The correlation of GDP growth with energy use is tight. Over the Last 20 years, spending on renewables has increased at a rate of 22.6% per annum, from $0.03T in 2004 to $1.77T in 2023.Sure The correlation with this spending and [any] kind of GDP growth is less obvious: world GDP growth over a similar period has been ~3.5%

Is the renewable energy thesis wrong – that a sustainable future of less global warming is the best, least expensive way to continue to enjoy the long-term benefits of inhabiting this precious planet? Should we simply surrender to the reign of hydrocarbons and learn to deal with the attendant warming as best we can?

DRC

The answer is unclear – but we should probably stop doing dumb stuff as we try to figure it out. Unfortunately, as highlighted by the excellent substack, the list of dumb things is lengthy. A personal favorite is the following picture:

It is, as the substack authors of environmental point out, the ultimate metaphor for Germany’s self-inflicted energy chaos: the utility RWE knocking down wind turbines to expand the Garzweiler lignite mine. Lignite, of course, is the lowest quality, dirtiest form of coal with the least energy-density usable for electricity generation on earth.

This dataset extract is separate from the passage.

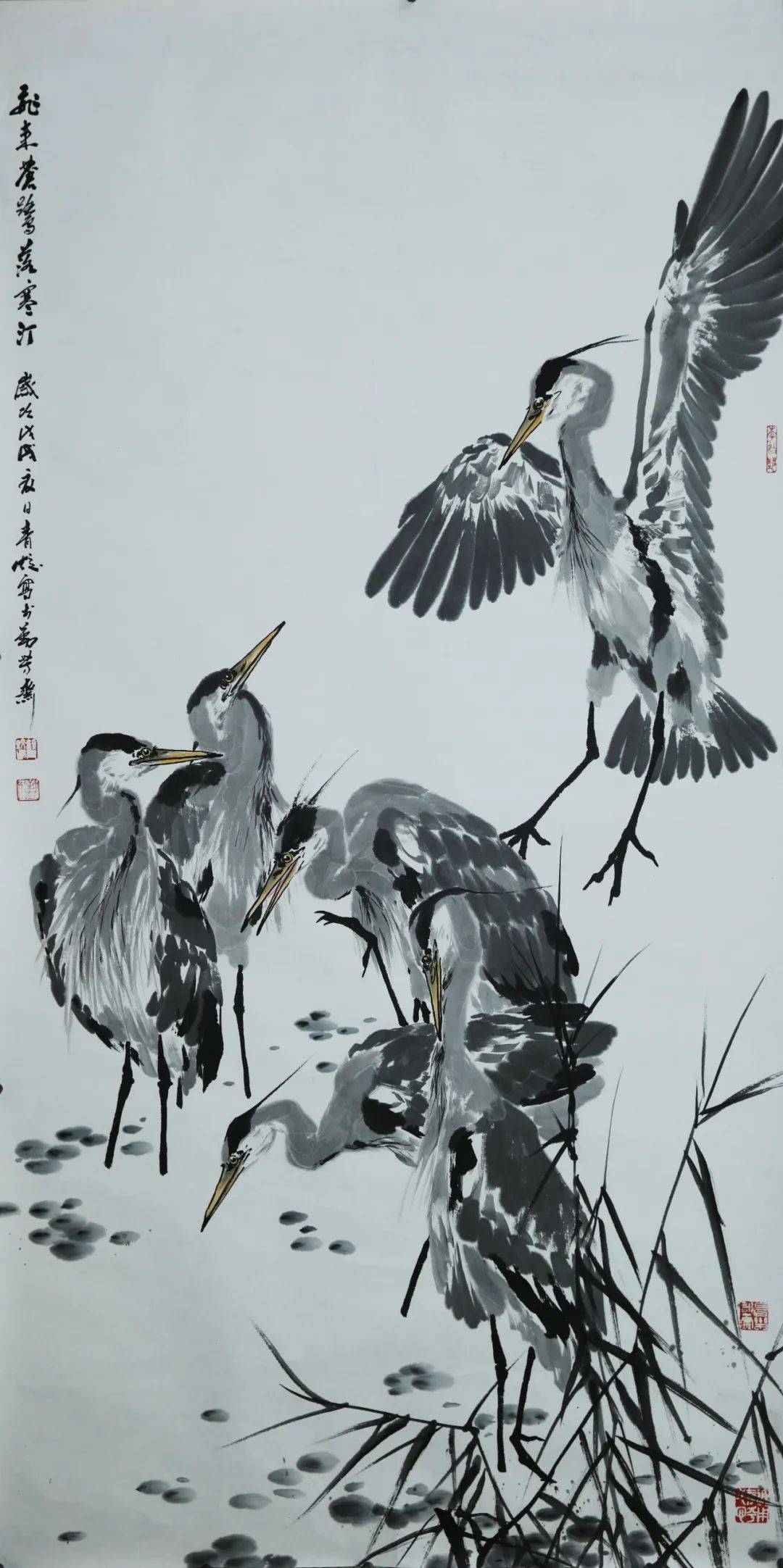 飞来苍鹭落寒汀三思图松疏雀幽松荫鹤迹妙鸟息佳苑风韵仙殊和而不同之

The substack authors are, perhaps, a little too gleeful about the whole subject. The entire effort is somewhat tongue-in-cheek and the irreverent description of the Inflation Reduction Act (“IRA”) is quite heretical to the principle raison d’être of Dakota Ridge Capital: assisting the investment community to leverage the investment incentives under the IRA!

Perspectives are important [describe the participation of the oil majors in the RNG business and how that could be differently messaged depending on bias]

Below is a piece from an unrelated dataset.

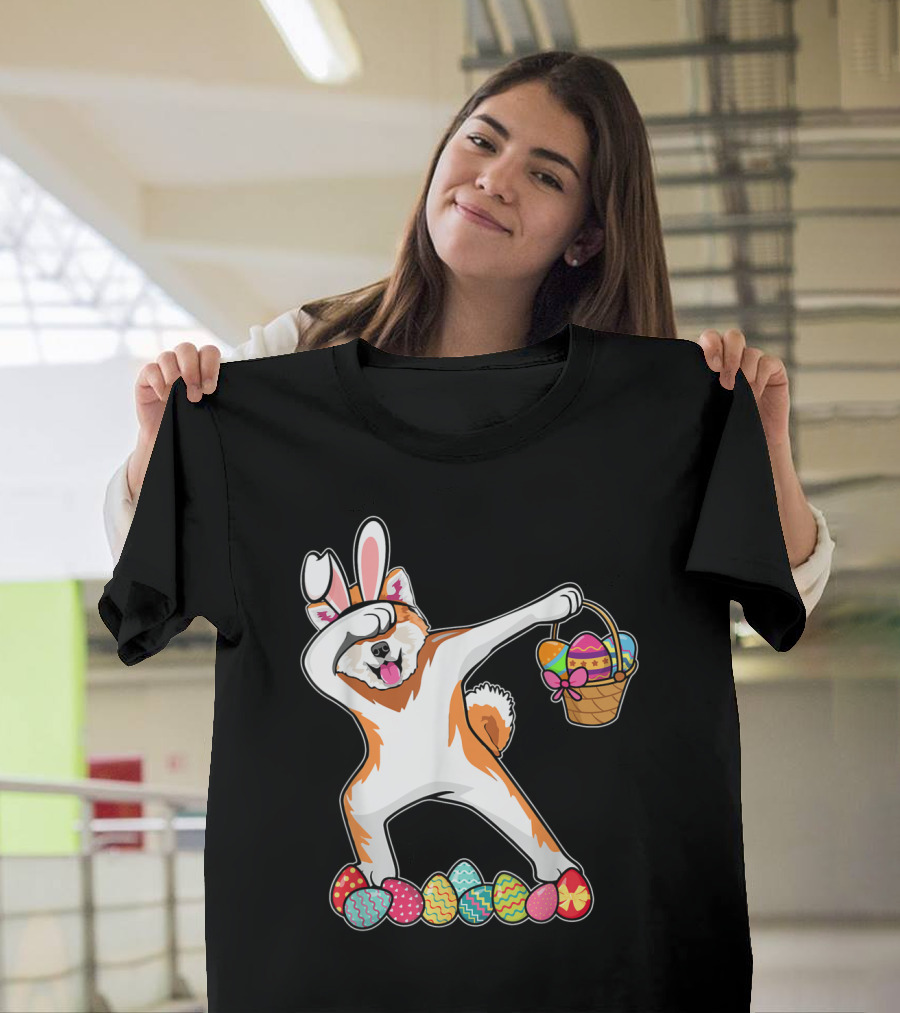 Akita Dog Dabbing with Bunny Ears and Easter Egg Basket Surrounded by Colorful Eggs T-Shirt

The presence of nuclear as one of the favored asset classes in the IRA’s menu of incentives is encouraging and very much aligned with the resurgence of interest in the nuclear industry.

The analysis of the relative cost of different energy sources illustrated by the Department of Energy is an important reminder that the outcomes of certain well-funded initiatives such as The Climate Imperative need to be scrutinized for underlying motivation and broad political acceptability.

DRC

Among the things that President Biden polls well for, which in fact poll better than Biden himself, is the IRA. The reason, clearly, is the promise – disputed by many – that the IRA will address the problem of inflation.

Again, a useful chart from the DOE forecasts the projected cost of home heating in winter 2023 (interactive link here):

If renewable energy initiatives are to thrive, they must enjoy broad-based, bi-partisan support. The fact that many of the IRA’s benefits are accruing to so-called red states, is smart. Increasing the cost of energy as a bi-product of an energy mix shifting to renewables is not smart. Is it inevitable, or is there actually a way of integrating renewable energy into an energy transition plan that delivers a more robust and resilient power grid with cheap and abundant energy?

The answer must be “yes”. It will not, however, be achievable if that is not the defined goal. If the messaging is alarmist and continues to condemn companies that invest in and produce the hydrocarbons that have driven economic growth since the mid-19th century; if the goals and associated spending associated with the goal of achieving the 1.5% warming limit continue to be unrealistic; if the means – EVs for example – are not properly evaluated for their environmental impact (think batteries and mining); if key resources – hydrogen, solar and wind, on-and offshore – are not properly costed over their lifetime for efficiency of energy delivery; then the role of renewables in the energy transition will not achieve the political support it deserves because it will not deliver the benefits its advertises.

So, COP28 was well-located and its final communiqué a fair reflection of the weight of world opinion of the right balance in crafting a supportable way forward. It is not helpful for pundits such as Al Gore to assert angrily that a failure to ban hydrocarbons immediately is unacceptable. It is fine to focus attention on the continuing need to address the massive costs of a warming planet, but the pressure must be grounded in reality and common sense, tempered by a balanced perspective on affordability.